The woodsman finished his day with the limit of five rabbits, a quail or two in his hunting coat's game pouch and a newborn girl - me.
I can still hear his many manufactured stories.
The untruth that sticks out in my mind now came about when I was quite young, perhaps school age.
I was "helping" him clean fox squirrels in front of the west wall of the old red chicken house where he mounted the trophies of his hunts. Those bushy appendages removed from bounties.
Without cracking a smile, he offered, "You were born with a tail like that, but Dr. Weaver cut it off." He thought that I would buy into that silliness. I giggled for his sake. I tried to check it out for my sake, for goodness sake.
That night, before bedtime, I put forth an effort to look for a scar in the mirror of the big dresser against the west wall of the family's bedroom. I could barely see my head in that clouded mirror. The mirror in the cedar jewelry box out of reach also.
I would find a better way to set my mind at ease and I did.
One day we made a trip uptown to see Dr. Weaver. I told his nurse that I wanted to ask my doctor a question. I told her my problem and ask if she could help me out.
What if Dad was telling the truth?
The nurse in the starched uniform left the room and returned, the good doctor followed close behind. He chuckled and placed his big hand on top of my head and shook his head.
He said, "Don't believe everything you hear and only half of what you see young lady! That Daddy of yours is pulling your leg."
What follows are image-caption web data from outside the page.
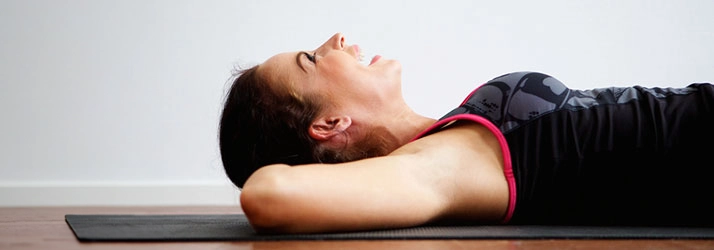 Chiropractic Reno NV Woman Laying On Mat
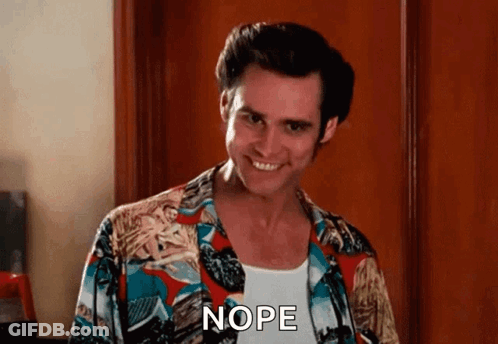 A Man In A Hawaiian Shirt Is Smiling And Saying Nope GIF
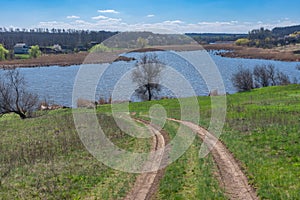 Earth road leading down to Suha Sura river in Vasylivka village near Dnepr city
Then everyone laughed including me.
When we arrived home Mother told him about my bold move to seek the truth about the tail. He said, "Next time, ask Doc Weaver about your horns."
I never did.
Dad once said that the stork dropped me in the hog pen and he and mom rescued me from the hungry swine, just in the nick of time. Imagine that picture!
Mom always pretended like she did not appreciate the funny stuff, but truth is, she was one of his biggest fans for over 61 years.
Dad never made a big deal out of birthdays. He always said that his was too close to Christmas. His birthday was Dec. 17.
Over the years when my birthdays rolled around he would always mention the tail, his tall tale. He would gift me with an ear to ear grin. I miss that.
It is good to store happy memories and gently unwrap and enjoy those treasures on special days like birthdays or any day we need a laugh or tears of joy. I will have a little of everything today, thank you!
Thanks so much to the readers of "Brazil Buzz" that sent me the nice emails last week.